CWRC Commits $2 Million to the University of Alberta in Wheat Breeding Activities

May 3, 2021 (Calgary, Saskatoon, Carman) – The Canadian Wheat Research Coalition (CWRC) – a collaboration between the Alberta Wheat Commission, Saskatchewan Wheat Development Commission and Manitoba Crop Alliance – has committed $2 million over five years towards a core breeding agreement with the University of Alberta (U of A). The investment will fund research activities through the U of A’s wheat breeding program with a specific focus on developing new Canadian Western Red Spring (CWRS) and Canadian Prairie Spring Red (CPSR) wheat varieties. The agreement came into effect on May 1, 2021 and will expire December 31, 2025.

A top objective of the agreement is for the U of A’s wheat breeding program to develop three to five registered wheat varieties focusing on the traits of early maturity, shorter straw stalk, and resistance to stripe rust and Fusarium Head Blight, all of which are key priorities of northern Alberta’s Parkland region where the program is located. The program is led by principal investigator and well-known wheat breeder, Dr. Dean Spaner.

“This agreement with the U of A is a natural fit as the CWRC recognizes the importance of having a strong breeding network across Western Canada,” says Fred Greig, CWRC chair. “Dr. Spaner and the U of A wheat breeding program have a history of successfully developing and commercializing wheat varieties with strong agronomic packages for prairie farmers.” 

Since 2013, the U of A breeding program has registered 13 CWRS varieties and one CPSR variety for a total of 14 varieties. 
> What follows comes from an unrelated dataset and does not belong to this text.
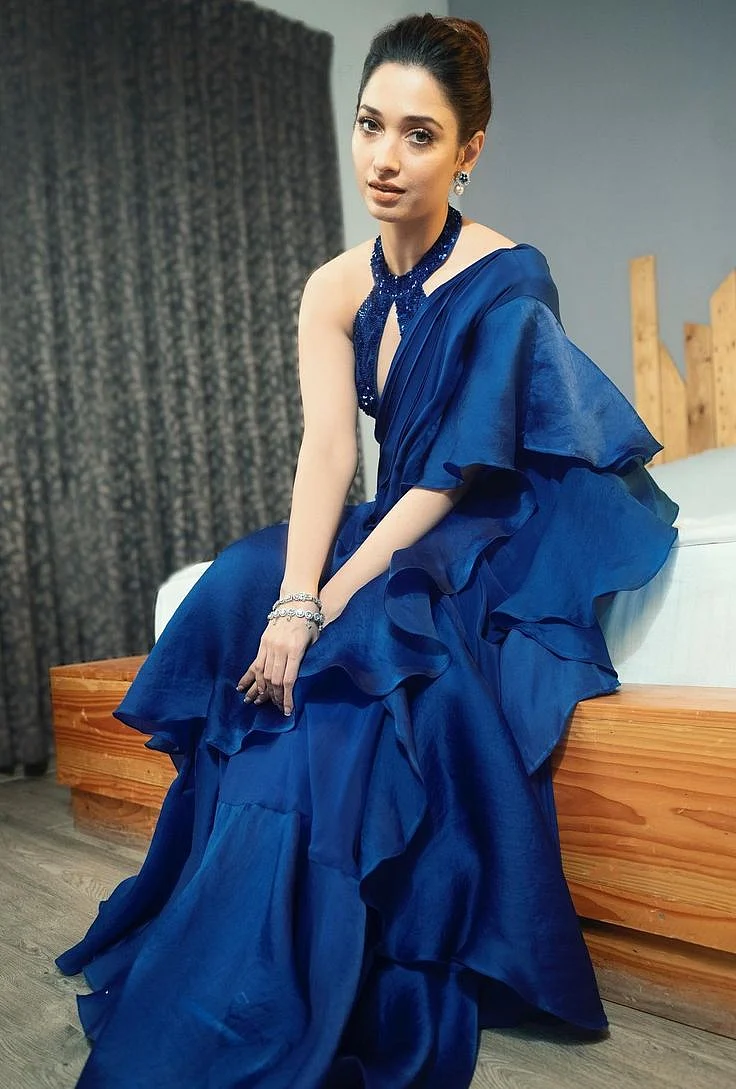 Blue Saree 7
“This funding from the CWRC provides tremendous solidification of our breeding capacity at the University of Alberta,” says Dr. Spaner. “Plant breeders have been at the forefront of feeding the world, and wheat production is an economic backbone for the western Canadian and Alberta economies, which makes this commitment from wheat producers to support our vital research a much-appreciated vote of confidence.”

In addition to delivering wheat varieties, the agreement specifies other key objectives including delivering one to three germplasm distributions, growing the infrastructure and breeding capacity at the U of A, and training a minimum of three graduate students. The U of A has the only CWRS wheat breeding program in Alberta, and is the only program that can grant graduate degrees in plant breeding in the province.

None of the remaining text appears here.